We need to split the data into a train and test split so we can train the model on the train split and then measure it's performance on the test split.

In [None]:
# defining sizes
test_size = 12000
train_size = len(df) - test_size

# splitting data
def split_vals(a,n):
  return a[:n].copy(), a[n:].copy()

train_df, test_df = split_vals(df, train_size)

# checking sizes
train_df.shape, test_df.shape

#### 3.3.2 - Training

In [23]:
# train a random forest
from sklearn.ensemble import RandomForestRegressor

m = RandomForestRegressor(n_jobs=-1)
m.fit(df_train.drop('SalePrice', axis=1), df_train.SalePrice)

### 3.4 - Evaluating

In [24]:
m.score(df_test.drop('SalePrice', axis=1), df_test.SalePrice)

0.9875599980704429

## Next Steps

The code above showcased a quick way to train a machine learning model.
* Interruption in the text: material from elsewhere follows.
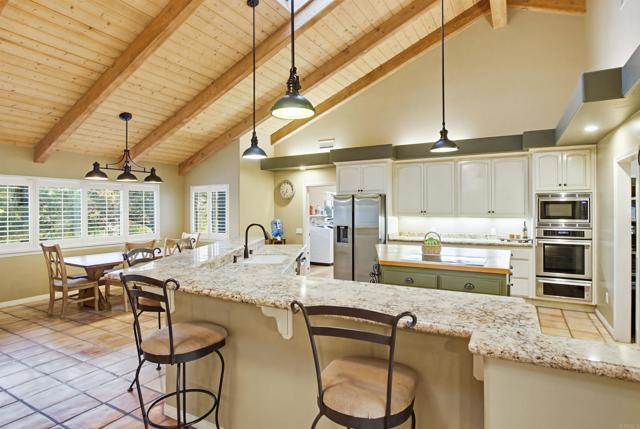 Detail Gallery Image 9 of 54 For 2092 Tudor Ln, Fallbrook,  CA 92028 - 4 Beds | 3/1 Baths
The data exploration was very minimal and the engineering of the data was quite basic. A better model could be trained if more time and thought was put into these steps as well as others. Why don't you have a go at trying to improe the model performance value above by re-working this code. Here are some hints of things to do:

1. Are there any errors in the data that could be corrected or filtered? Take a look a bit more at the features and their unique levels.
2. Are any of the features highly correlated? Could some of these be dropped from the training data?
3. Are there other ways we can convert the object features to numerical features? How do these affect the model's performance?
4. Can we handle missing data better? Can more information be pulled out from the missing data?
5. Can more information be pulled out for the datetime fields? How do these extra features fair in a feature importance plot?
6. The model chosen is a random forest but others will do the job. Try out another model and see which is the champion.
7. Are there other performance metrics that you can assess the model's performance on?
8. Look into the model's hyperparameters. Learning what the main ones are. Can these be improved in any way?
9. What model explainability metrics and charts can you create that help tell the model's performance story? e.g. lift plots.
10. Can you create your own notebook on this work and share it with others? Where would you host it? GitHub? Kaggle? Medium?